Ethnography & Evaluation Research, University of Colorado Boulder, Boulder, CO 80309-0580
Ethnography & Evaluation Research, University of Colorado Boulder, Boulder, CO 80309-0580.
CBE Life Sci Educ. 2017 Spring;16(1). doi: 10.1187/cbe.16-07-0229.

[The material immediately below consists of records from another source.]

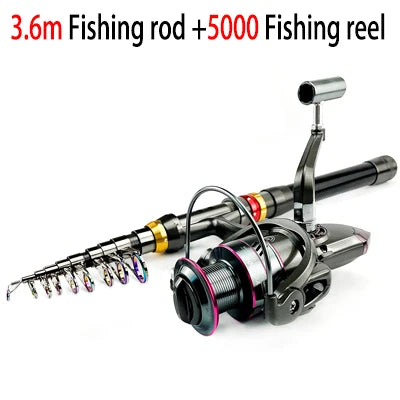 1.8-3.6m Carbon Fiber Fishing Rod and Reel Combo Super Hard Telescopic Fishing Pole Spinning Reel Kit Max Resistance 3-8kg Pesca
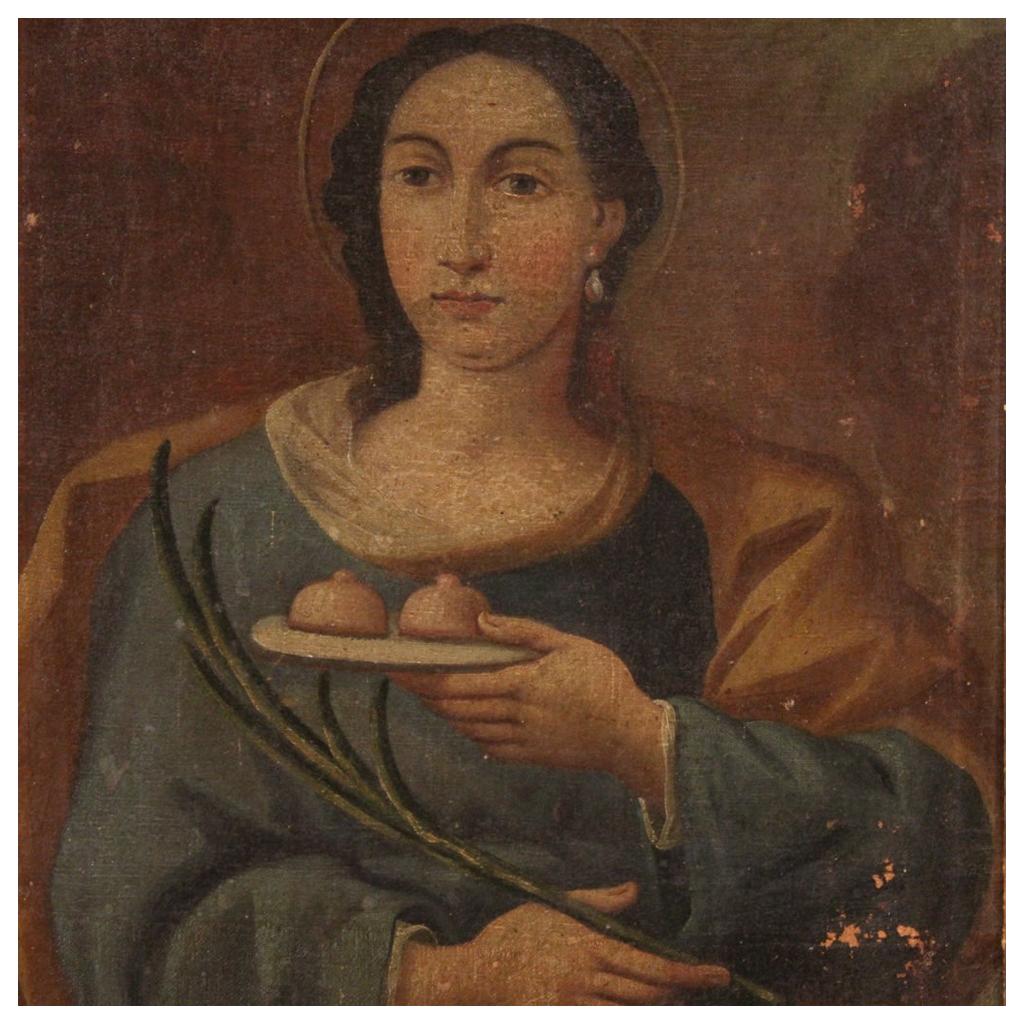 18th Century Oil on Canvas Italian Religious Painting Saint Agatha, 1770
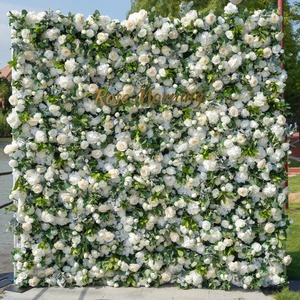 ฉากหลังดอกไม้ประดิษฐ์สีชมพูฟ้าสำหรับงานเลี้ยงฉลองทารกแรกเกิด ขนาด 8 ฟุต x 8 ฟุต ม้วนเก็บได้ ฉากหลังดอกไม้สีฟ้าชมพูสำหรับงานอีเว้นท์ - Product Image 5
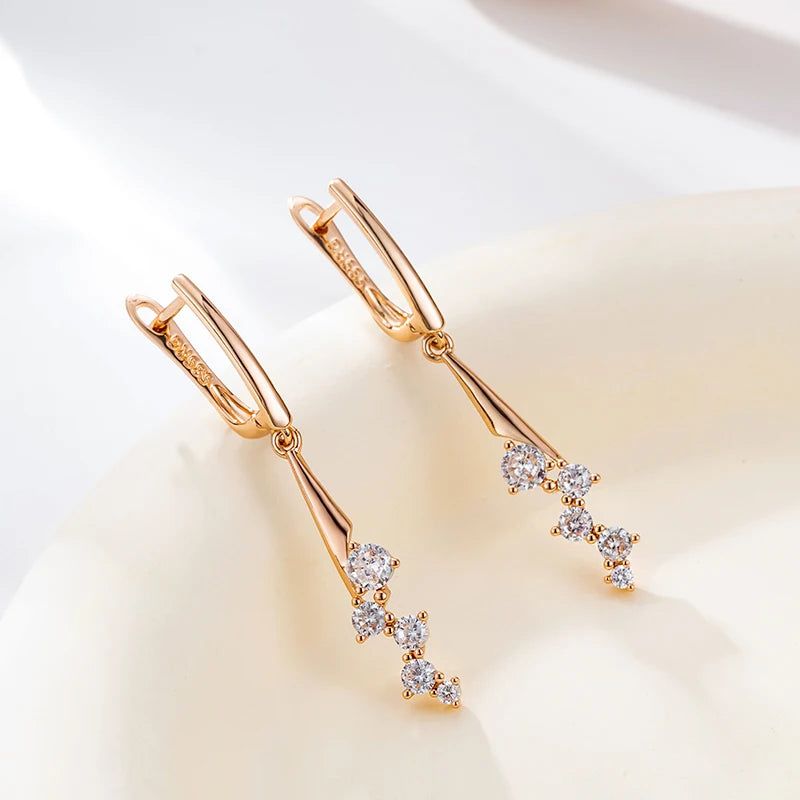 Stylish Geometric Long Drop Earrings with Natural Zircon in 585 Rose Gold Plating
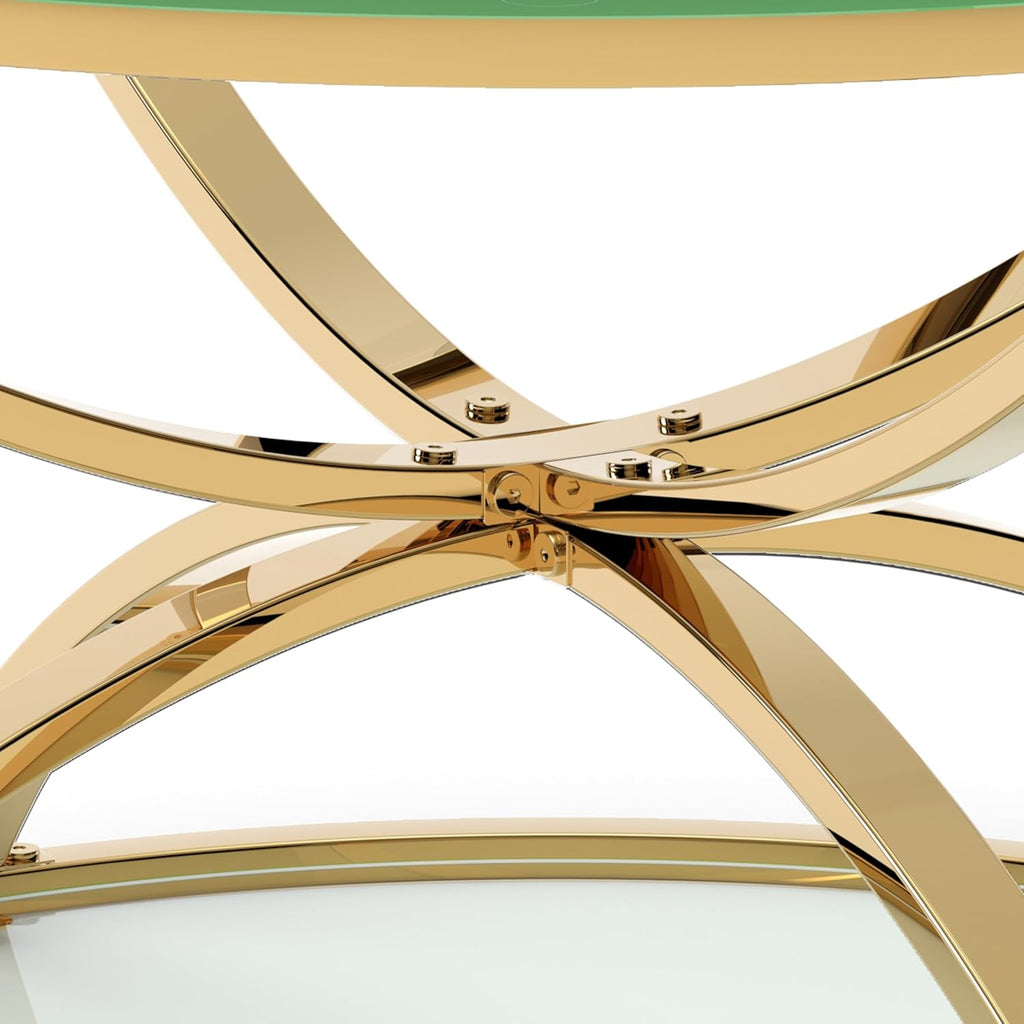 JIJIWANG 2 Tier Glass Round Coffee Table with Metal Frame and Clear Tempered Glass, 31.50'' Center Table with Ring-Shaped Frames for Living Room, Bedroom, Office, Gold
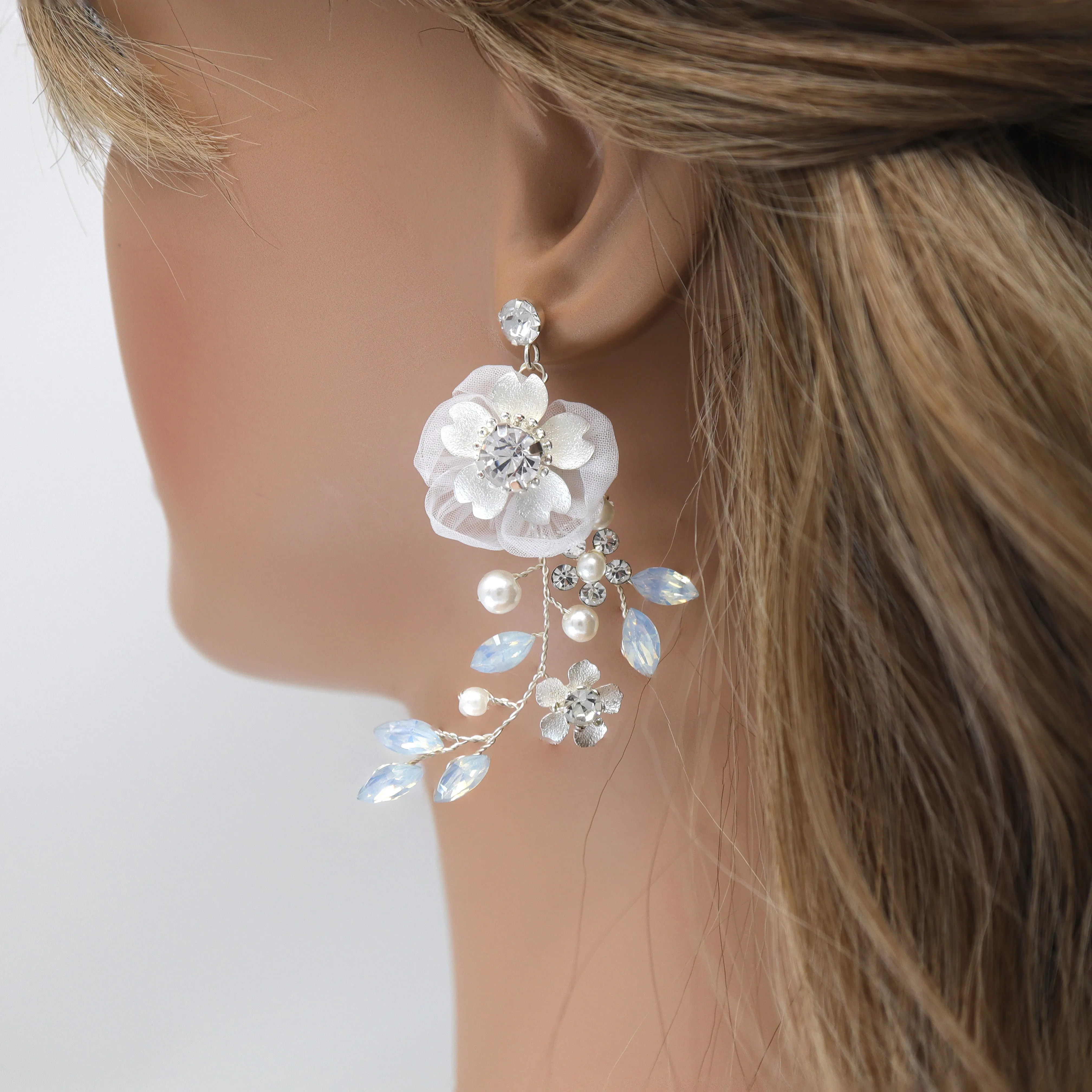 Swarovski opal Flower Petals Crystal, Rhinestone Earrings, Long Bridal Jewelry Bridal Earrings Crystal Bridal Earrings Statement Earrings Cz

Undergraduate research is often hailed as a solution to increasing the number and quality of science, technology, engineering, and mathematics graduates needed to fill the high-tech jobs of the future. Student benefits of research are well documented but the emerging literature on advisors' perspectives is incomplete: only a few studies have included the graduate students and postdocs who often serve as research advisors, and not much is known about why research advisors choose to work with undergraduate researchers. We report the motivations for advising undergraduate researchers, and the related costs and benefits of doing so, from 30 interviews with research advisors at various career stages. Many advisors stated intrinsic motivations, but a small group of early-career advisors expressed only instrumental motivations. We explore what this means for how advisors work with student researchers, the benefits students may or may not gain from the experience, and the implications for training and retaining research advisors who can provide high-quality research experiences for undergraduate students.
本科研究通常被视为增加未来高科技工作所需的科学、技术、工程和数学专业毕业生数量和质量的解决方案。学生从研究中受益的情况有充分的记录,但关于顾问观点的新兴文献并不完整:只有少数研究包括了通常担任研究顾问的研究生和博士后,而且对于研究顾问选择与本科生合作的原因知之甚少。我们从 30 名处于不同职业阶段的研究顾问的访谈中报告了指导本科生研究人员的动机,以及这样做的相关成本和收益。许多顾问表示了内在动机,但一小部分职业早期的顾问只表达了工具性动机。我们探讨了这对顾问如何与学生研究人员合作、学生从这种经历中可能获得或可能无法获得的收益,以及对培训和留住能够为本科生提供高质量研究经验的研究顾问的影响意味着什么。